Le Liban rejoindra-t-il le grand corridor économique Inde–Moyen-Orient–Europe (IMEC), ce mégaprojet destiné à relier l’Asie à l’Europe via le Golfe et la Méditerranée? Longtemps tenu à l’écart du tracé initial, le pays du Cèdre pourrait finalement voir sa position reconsidérée, sous impulsion française.
Mercredi matin, l’émissaire du président français, Gérard Mestrallet, ancien PDG de GDF Suez (devenu ENGIE), a rencontré le chef de l’État, Joseph Aoun, pour exposer les contours et les enjeux stratégiques du projet. Selon lui, Paris plaide pour l’intégration du Liban au corridor, estimant que le pays constitue un relais logistique naturel à l’est de la Méditerranée — et qu’il a, plus que jamais, besoin d’un levier de relance économique.
Un projet d’envergure mondiale
Officiellement lancé lors du sommet du G20 à New Delhi en septembre 2023, l’IMEC (India–Middle East–Europe Economic Corridor) ambitionne de redessiner les routes du commerce mondial.
Le corridor prévoit la mise en place d’un réseau intégré multimodal de 4 800 kilomètres combinant donc transport maritime, liaisons ferroviaires et routières, interconnexions énergétiques et infrastructures numériques.
Son coût global est estimé à 500 milliards d’euros, pour un calendrier de réalisation compris entre huit et dix ans.
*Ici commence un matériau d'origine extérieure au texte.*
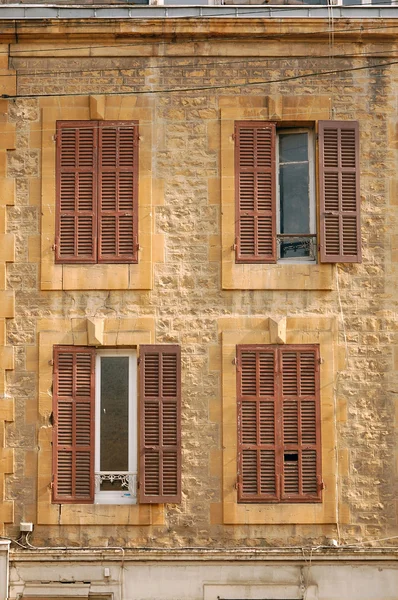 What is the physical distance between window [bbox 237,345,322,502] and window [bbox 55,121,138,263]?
249 centimetres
Le dispositif s’articule autour de deux branches principales:
- Un corridor oriental, reliant l’Inde aux pays du Golfe, notamment via des liaisons maritimes vers les Émirats arabes unis.
- Un corridor nord, prolongeant la connexion du Golfe vers l’Europe à travers des réseaux terrestres et maritimes.
Objectif: réduire les délais de transit, abaisser les coûts logistiques et proposer une alternative stratégique aux routes dominées par le canal de Suez.
Un projet freiné par les tensions régionales
À ce stade, les partenaires identifiés incluent l’Inde, les Émirats arabes unis, l’Arabie saoudite, la Jordanie, Israël, la Grèce, ainsi que plusieurs États membres de l’Union européenne.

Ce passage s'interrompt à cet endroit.